Unter Open Educational Resources (OER) werden digitale Lehr- und Lernmaterialen verstanden, die aufgrund ihrer offenen Lizenzierung (i. d. R. Creative-Commons-Lizenzierungen) kostenfrei zugänglich sind. OER können – ohne oder mit geringfügigen Einschränkungen – genutzt, weiterentwickelt und weiterverbreitet werden (vgl. United Nations Educational, Scientific and Cultural Organization 2017). Vor diesem Hintergrund wird OER ein großes Potenzial hinsichtlich einer innovativen Veränderung der Bildungsmedien und damit der Bildungslandschaft zugesprochen. Dies bezieht sich auch auf das Feld der beruflichen Bildung.
Förderprogramm des BMBF
Um OER in allen Bildungsbereichen voranzutreiben, hat das Bundesministerium für Bildung und Forschung (BMBF) 2016 beschlossen, eine zentrale Informationsstelle (OERinfo) aufzubauen sowie 24 Projekte zur Sensibilisierung und Multiplikatorenqualifizierung zu fördern. Das Ziel von OERinfo ist die breite Sichtbarmachung des Themas gerade auch für neue Zielgruppen wie der beruflichen Bildung. Der aktuelle Kenntnisstand zu OER wird bildungsbereichsspezifisch erfasst und dargestellt. Good-Practice-Beispiele werden benannt und die Vielfalt an Initiativen wird aufgezeigt. Zusammengefasst geht es im Projekt OERinfo also um Information, Transfer und Vernetzung in Sachen OER. Der Bereich der beruflichen Bildung wird dabei durch das Bundesinstitut für Berufsbildung (BIBB) bearbeitet (vgl. Grimm/Rödel 2017, S. 51).

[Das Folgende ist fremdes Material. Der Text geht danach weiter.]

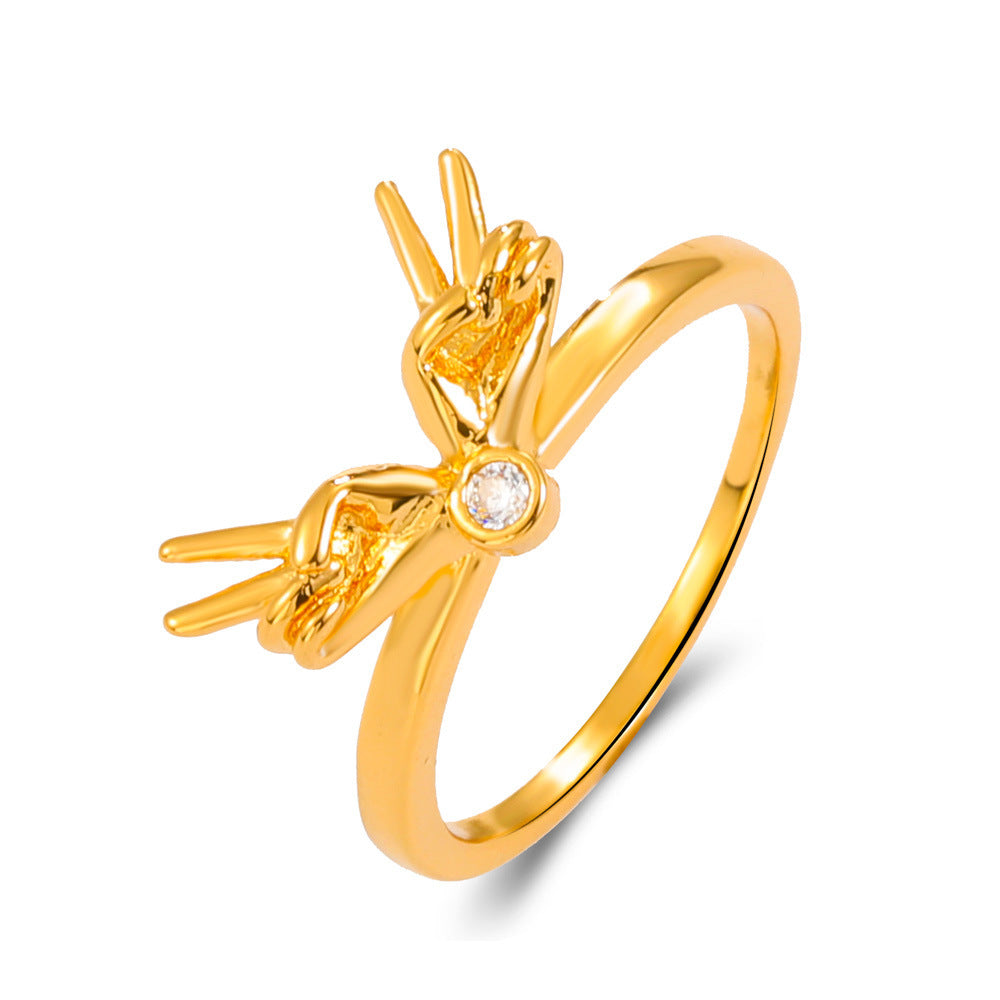 Vintage Hugging Hands Ring Vintage Electroplated Band With Zircon Stone Geometric Design Love Ring Birthday As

Untersuchungen des BIBB (Grimm/Rödel 2018) haben gezeigt, dass OER in der beruflichen Bildung noch eher zurückhaltend eingesetzt werden. Im Vergleich zu den Bildungsbereichen Hochschule und Schule ist das Konzept von OER in der beruflichen Bildung weniger bekannt und es gibt dementsprechend noch relativ wenig Material. Gleichwohl werden auch die Chancen von OER in der beruflichen Bildung zunehmend wahrgenommen. Diese werden zum Beispiel in der schnellen Aktualisierbarkeit von Lehr-Lernmaterial, in der Unterstützung des Selbstlernprozesses durch veränderte didaktische Szenarien, aber auch allgemein in der Verbesserung der Teilhabe an Bildung gesehen. Diesen Chancen stehen allerdings häufig das fehlende Wissen zu Fragen des Urheberrechts sowie fehlende Methoden und Strukturen der Qualitätssicherung entgegen. Auch sind zentrale Fragen der Auffindbarkeit des Materials bis jetzt nicht geklärt (vgl. Rödel 2018).

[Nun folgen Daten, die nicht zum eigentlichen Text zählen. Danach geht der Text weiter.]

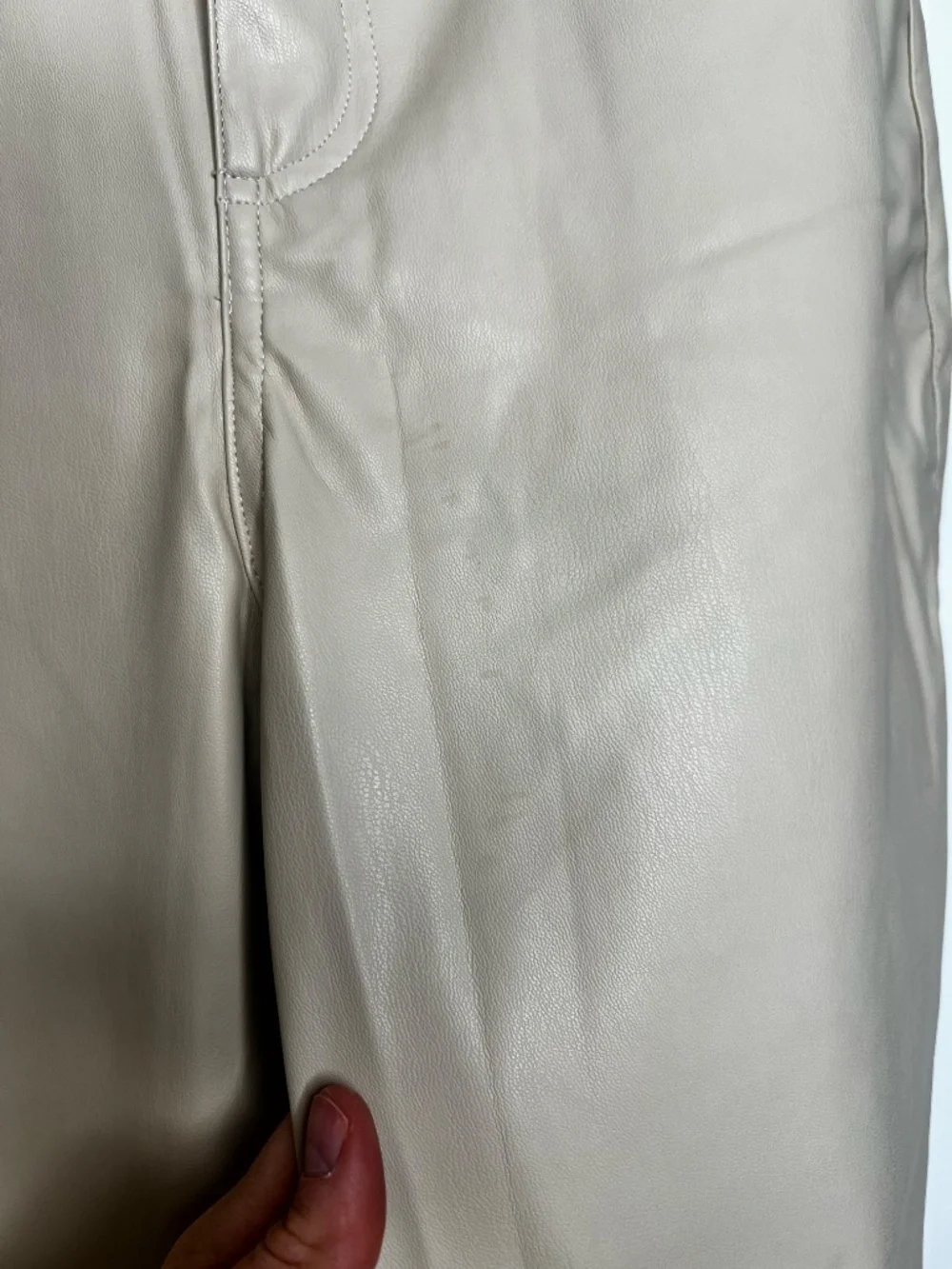 Zara Faux Leather Pants Size 4 Cream Beige High Waist Straight Leg Vegan Leather - Picture 10 of 11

Ein wichtiger Treiber für die Etablierung von OER ist die UNESCO
Ebenfalls 2017 beauftragte das International Centre for Technical and Vocational Education and Training (UNESCO-UNEVOC) eine qualitative/quantitative Studie zur Nutzung von OER in Technical and Vocational Education and Training (TVET), um Handlungsempfehlungen zur Förderung und Unterstützung von OER und anderen offenen Bildungspraktiken zu erarbeiten. Die Ergebnisse der Studie bestätigen die Ergebnisse der Untersuchung des BIBB (Ehlers/Schuwer/Jansson 2018, S. 8).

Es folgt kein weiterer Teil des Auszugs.